P. Josep LAPLANA OSB Monje de Montserrat
(Montserrat, Barcelona, España)
Hoy, la mirada de Jesús sobre los hombres es la mirada del Buen
Pastor, que toma bajo su responsabilidad a las ovejas que le son
confiadas y se ocupa de cada una de ellas. Entre Él y ellas crea un
vínculo, un instinto de conocimiento y de fidelidad: «Escuchan mi voz, y
yo las conozco y ellas me siguen» (Jn 10,27). La voz del Buen Pastor es
siempre una llamada a seguirlo, a entrar en su círculo magnético de
influencia.
Cristo nos ha ganado no solamente con su ejemplo y con su doctrina,
sino con el precio de su Sangre.

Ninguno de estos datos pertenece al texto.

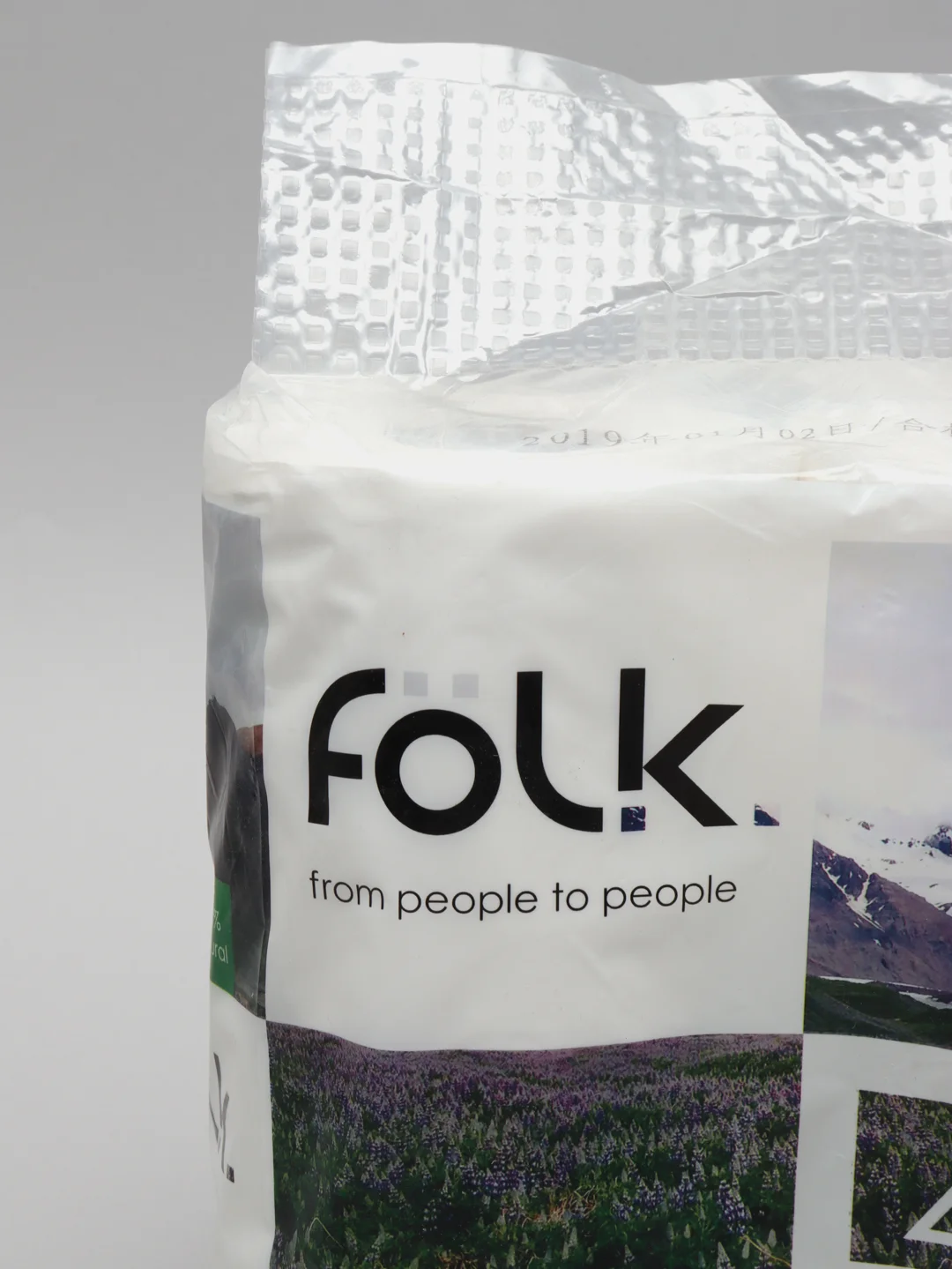Туалетная бумага FOLK 4 рулона в упаковке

Le hemos costado mucho, y por eso no
quiere que nadie de los suyos se pierda. Y, con todo, la evidencia se
impone: unos siguen la llamada del Buen Pastor y otros no. El anuncio
del Evangelio a unos les produce rabia y a otros alegría. ¿Qué tienen
unos que no tengan los otros? San Agustín, ante el misterio abismal de
la elección divina, respondía: «Dios no te deja, si tú no le dejas»; no
te abandonará, si tu no le abandonas. No des, por tanto, la culpa a
Dios, ni a la Iglesia, ni a los otros, porque el problema de tu
fidelidad es tuyo. Dios no niega a nadie su gracia, y ésta es nuestra
fuerza: agarrarnos fuerte a la gracia de Dios. No es ningún mérito
nuestro; simplemente, hemos sido “agraciados”.

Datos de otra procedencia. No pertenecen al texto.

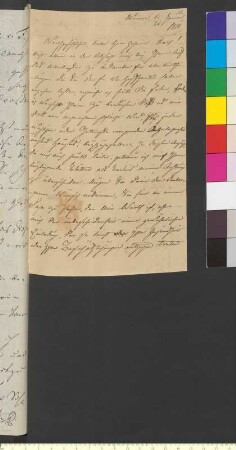 Brief von Sachsen-Weimar-Eisenach, Maria Paw\low\na Erbgroßherzogin von an Goethe, Johann Wolfgang von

La fe entra por el oído, por la audición de la Palabra del Señor, y
el peligro más grande que tenemos es la sordera, no oír la voz del Buen
Pastor, porque tenemos la cabeza llena de ruidos y de otras voces
discordantes, o lo que todavía es más grave, aquello que los Ejercicios
de san Ignacio dicen «hacerse el sordo», saber que Dios te llama y no
darse por aludido. Aquel que se cierra a la llamada de Dios
conscientemente, reiteradamente, pierde la sintonía con Jesús y perderá
la alegría de ser cristiano para ir a pastar a otras pasturas que no
sacian ni dan la vida eterna. Sin embargo, Él es el único que ha podido
decir: «Yo les doy la vida eterna» (Jn 10,28).